Which was why he felt it all the more keenly when, the following year, Evelyn packed her clothes and Lesley’s and not much else, and moved herself and her ten-year-old daughter to Spokane, where they joined a commune.
For the second time in his life, Jens Jensen swore off women forever.
“Gentle sex my ass,” he was heard to say, on a fairly regular basis, after Evelyn left.
In the years that followed Jens gave free reign to his taciturnity. He raised Sam with as little dialogue as humanly possible, communicating mostly with gestures, pointing and nodding or shaking his head as they chased twin lambs running in opposite directions, Jens limping slowly one way and Sam dashing the other. When Sam asked for help with his homework, Jens shrugged to indicate he didn’t know the answer. Occasionally, he’d make brief, dour observations on life, trying to give Sam some armor against the vicissitudes of this hard, hard world.
He knew this was not the way to raise a child, especially a child whose mother had essentially abandoned him. (Sam went to visit his mother and sister during every school holiday and for the part of each summer that Jens and the farm could spare him, but Evelyn never returned, and never sent Lesley to visit Jens.
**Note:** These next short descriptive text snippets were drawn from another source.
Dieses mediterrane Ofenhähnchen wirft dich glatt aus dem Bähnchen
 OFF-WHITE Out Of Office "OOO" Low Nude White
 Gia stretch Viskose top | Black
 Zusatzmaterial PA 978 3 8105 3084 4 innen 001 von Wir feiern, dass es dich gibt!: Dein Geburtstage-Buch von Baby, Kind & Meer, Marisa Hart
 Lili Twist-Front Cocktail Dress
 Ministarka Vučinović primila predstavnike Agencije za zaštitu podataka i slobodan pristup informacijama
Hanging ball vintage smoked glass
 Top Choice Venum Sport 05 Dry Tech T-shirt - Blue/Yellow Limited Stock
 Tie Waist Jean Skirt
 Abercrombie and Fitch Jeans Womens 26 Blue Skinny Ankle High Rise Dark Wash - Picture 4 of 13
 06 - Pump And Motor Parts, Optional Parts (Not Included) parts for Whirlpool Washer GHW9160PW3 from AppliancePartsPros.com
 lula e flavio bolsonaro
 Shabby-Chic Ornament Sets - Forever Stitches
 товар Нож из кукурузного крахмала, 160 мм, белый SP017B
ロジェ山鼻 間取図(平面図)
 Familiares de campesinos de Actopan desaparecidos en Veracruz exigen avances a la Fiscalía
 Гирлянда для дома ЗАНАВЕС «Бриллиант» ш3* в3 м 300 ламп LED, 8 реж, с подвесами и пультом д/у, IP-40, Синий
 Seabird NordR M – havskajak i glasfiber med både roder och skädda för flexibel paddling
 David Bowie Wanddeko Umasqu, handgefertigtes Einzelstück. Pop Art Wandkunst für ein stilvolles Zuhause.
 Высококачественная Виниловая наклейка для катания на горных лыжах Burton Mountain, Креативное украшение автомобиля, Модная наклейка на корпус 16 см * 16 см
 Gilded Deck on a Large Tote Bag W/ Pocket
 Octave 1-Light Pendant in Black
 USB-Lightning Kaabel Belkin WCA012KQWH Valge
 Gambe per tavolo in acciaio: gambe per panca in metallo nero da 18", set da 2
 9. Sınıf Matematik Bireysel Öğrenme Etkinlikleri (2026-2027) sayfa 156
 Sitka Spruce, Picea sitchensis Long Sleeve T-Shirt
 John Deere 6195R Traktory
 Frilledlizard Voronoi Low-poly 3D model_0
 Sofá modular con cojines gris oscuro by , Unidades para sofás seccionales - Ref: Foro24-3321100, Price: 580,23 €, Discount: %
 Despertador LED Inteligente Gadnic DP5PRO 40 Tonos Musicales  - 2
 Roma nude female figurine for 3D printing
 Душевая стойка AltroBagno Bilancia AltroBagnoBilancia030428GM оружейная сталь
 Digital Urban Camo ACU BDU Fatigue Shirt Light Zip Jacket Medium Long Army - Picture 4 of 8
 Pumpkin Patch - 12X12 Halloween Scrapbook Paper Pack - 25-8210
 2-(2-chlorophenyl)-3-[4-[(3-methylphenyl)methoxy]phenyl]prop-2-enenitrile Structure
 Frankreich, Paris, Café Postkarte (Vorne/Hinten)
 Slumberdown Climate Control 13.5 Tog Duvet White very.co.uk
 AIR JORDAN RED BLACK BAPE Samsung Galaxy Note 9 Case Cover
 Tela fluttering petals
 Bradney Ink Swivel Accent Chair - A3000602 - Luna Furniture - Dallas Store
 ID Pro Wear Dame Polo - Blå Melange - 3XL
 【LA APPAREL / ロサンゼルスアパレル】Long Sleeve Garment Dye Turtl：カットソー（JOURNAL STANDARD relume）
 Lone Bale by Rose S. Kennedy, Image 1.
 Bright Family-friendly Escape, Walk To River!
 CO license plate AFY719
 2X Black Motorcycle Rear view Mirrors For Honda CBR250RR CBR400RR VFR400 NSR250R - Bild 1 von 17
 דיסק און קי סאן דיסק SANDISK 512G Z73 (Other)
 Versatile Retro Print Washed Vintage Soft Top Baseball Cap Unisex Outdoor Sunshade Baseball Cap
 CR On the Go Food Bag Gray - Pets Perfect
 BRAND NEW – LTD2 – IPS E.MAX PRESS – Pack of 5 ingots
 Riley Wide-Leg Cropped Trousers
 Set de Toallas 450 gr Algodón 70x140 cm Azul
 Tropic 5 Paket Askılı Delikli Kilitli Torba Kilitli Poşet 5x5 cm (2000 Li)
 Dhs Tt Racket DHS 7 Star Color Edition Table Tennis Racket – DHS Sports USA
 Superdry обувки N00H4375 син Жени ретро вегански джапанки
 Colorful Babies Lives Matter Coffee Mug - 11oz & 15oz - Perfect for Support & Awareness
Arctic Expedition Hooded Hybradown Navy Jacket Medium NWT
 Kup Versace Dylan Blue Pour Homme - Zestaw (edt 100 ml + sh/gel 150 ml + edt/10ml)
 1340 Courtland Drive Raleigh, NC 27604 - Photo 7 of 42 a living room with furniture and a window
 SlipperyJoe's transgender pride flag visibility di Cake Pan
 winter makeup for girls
Maybe because Jens never asked.) But it seemed to Jens that words, once they left your mouth, became weapons, and so it was better not to speak, or if speech was necessary, to speak only in rebuke, to launch a preemptive attack. His own son was never intentionally on the outside of that defensive wall, but there you go. Sometimes these things just happen.
And yet Sam grew in grace and cheerfulness, never entirely happy with his role as the son of a sheep farmer but generally content with the life that had been handed to him, in spite of the discarded poet chafing in his soul.
After graduating from high school, Sam moved into a one-bedroom tiny home in the Village, a mother-in-law unit built for a relationship that never quite materialized, and got a job as a mail carrier with the post office. Monday through Friday, Sam chatted genially with postmistress Jenny and her son Seth, and delivered sewer bills and electric bills and the dreaded water bills—you wouldn’t think it would cost so much to have water in a place surrounded by it, but it does—and tax refunds and notices saying Open this letter You May Have Already Won Millions, and the genealogy.com results that told Jack Swartout he was related to King Louis the somethingth of France, and organic seed catalogues and the Seattle Times and the New York Times. Sam told everyone this was his way of being a man of letters, and everyone always smiled when Sam said it, because they knew he wished it were so. But he said it in jest; there was no bitterness in him, just gentle self-deprecating humor.
Jens saw that Sam was comfortable in his own skin, and he was envious, but mostly relieved that he had somehow avoided infecting Sam with his own acrimony.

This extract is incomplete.